My Editor at the time was the best writer ever to put words in a motorcycle magazine. So I listened to what the man said, even if he did have the sort of austere, mid-western work ethic that kept him awake nights worrying that somewhere, someone was having fun.

When it came time to plan our 400-mile pilgrimage to Laguna Seca for the annual AMA National, the Editorial We were to forsake faster, more comfortable mounts and ride our test bikes du jour or forgo travel on the Editorial Nickel and ante up. My personal nickel shortage made that an easy one.

The flip side was it put me on an 883 Sportster; your basic 45-cubic-inch Milwaukee hair shirt. In the office next door, Sports Editor Ken was saddled with a Kawasaki EL 250 Eliminator; acutely humiliating when you’re on a first name basis with Ed Lawson and faster than everyone but the guys we were riding up to watch. At least riding up together would minimize painful public scrutiny. Maybe misery did love company. We would inflict as much mechanical misery on these things as possible on the way, which revealed an interesting phenomenon.

As genuinely weird as they looked in front of Denny’s, the XL and the EL were essentially equals on the road. The Harley was 140 lbs. heavier. But coax the right gears together and it was at least a second quicker to 60 mph and 4 mph faster at the end of a quarter-mile. Ken was faster everywhere, but the EL ran out of steam exactly one tick north of 100 mph. Given enough straight pavement, the 883 was good for 110. Downhill. With a tailwind. It and I also ripped a hole in the atmosphere big enough to ride a 250 Eliminator through.

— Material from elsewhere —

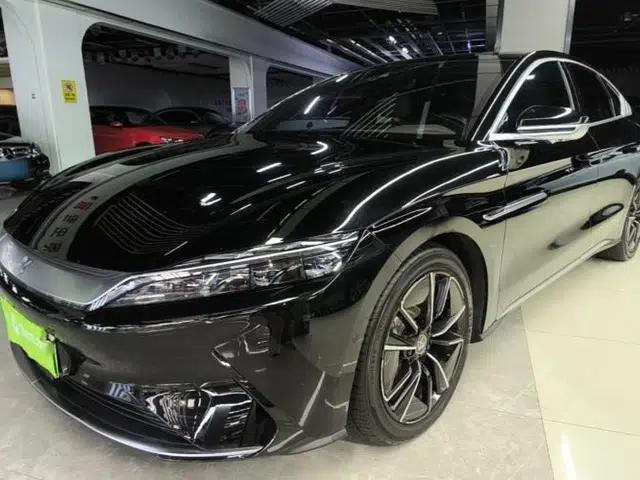 BYD Han 2020 EV Four-Wheel Drive High-Performance Flagship Model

Breaking the draft was tricky, but Jay Springsteen would have been proud. And vaguely sick to his stomach. Shaking the little aerodynamic parasite put a few hundred yards between us until Ken pulled The Obligatory Ed Lawson Late Braking Maneuver and disappeared into the first set of corners. Braking would be a strong word for the Harley’s slow erosion of forward motion, but I tried, praying for another long straightaway to reverse the order. And so it went until I came across a phenomenon only Kevin Cameron could have predicted.

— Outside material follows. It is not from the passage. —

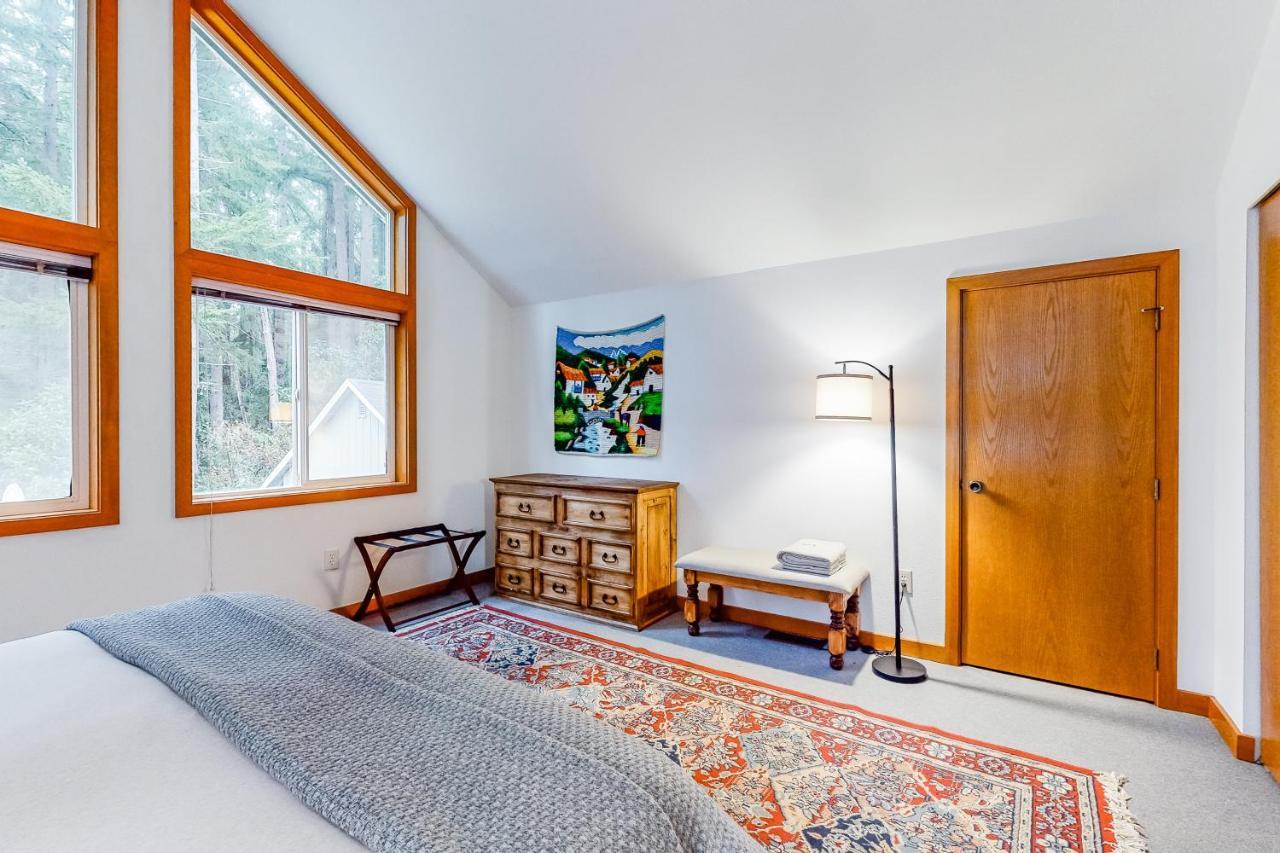 Vila Shine Road Retreat Port Ludlow Exteriér fotografie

I could keep the Eliminator in sight now. Ken still disappeared around right-hand bends, but I ground every time the road turned left. What gives? His left foot. Cranked over at progressively impossible lean angles, Ken’s boot was caught between a rock and a hard place: the battered remains of the Kawasaki’s left peg and a steel loop intended to keep the hot engine at a comfortable distance. Deciding whether the next left would blow his toenails clean off was finally too much. He backed it down.

We needed gas anyway. The 883 fuel tap called went to reserve after 50 hard miles. This time there was maybe a cup of unleaded left after 40. By the time we stumble into the Last Chance gas station on one last combustible gasp, engine heat has been roasting the bottom of the fabled peanut fuel tank since breakfast. Before you can say fill er up, sir there’s a geyser of rapidly expanding unleaded in my crotch and all over the engine. Great gnashing of teeth turns to laughter and a profound gratitude that Ken’s lighter and cigarettes were still in his pocket.

The good news, and there’s always good news, was that those sounds emanating from the Ninja’s crankcase were louder and scarier than they were at the last gas stop. Not scary enough to stop us, but the chances of it’s returning to L.A. under it’s own power were shrinking fast. By the time it rolled into our hotel parking lot, the death rattle from the little twin’s bottom end guaranteed it and my friend an air-conditioned ride home in the company van.

The Harley wasn’t exactly running like a Swiss watch at the end of the day either, but my Swiss watch wasn’t running at all. A day on the Milwaukee paint-shaker had done something evil to the antique Rolex I’d inherited from my dad. My Godfather – part-time watch smith, full-time prison guard and keeper of the family time pieces – would not be happy. Aside from that, I was in surprisingly good shape. After a couple of days at the track, the prospect of another 400 miles on the thing, at least I’d never have to worry about kidney stones.

There may not be anything so profound as a moral buried in all that. You only get so many chances to ride like a certifiable lunatic and live to tell about it. Save the self-righteous emails. I don’t anymore and neither should you. But time has a way of erasing sheer terror from the hard drive between my ears more readily than it does fond memory. May the latter always outnumber the former in your personal recollections. If not, don’t blame the bike.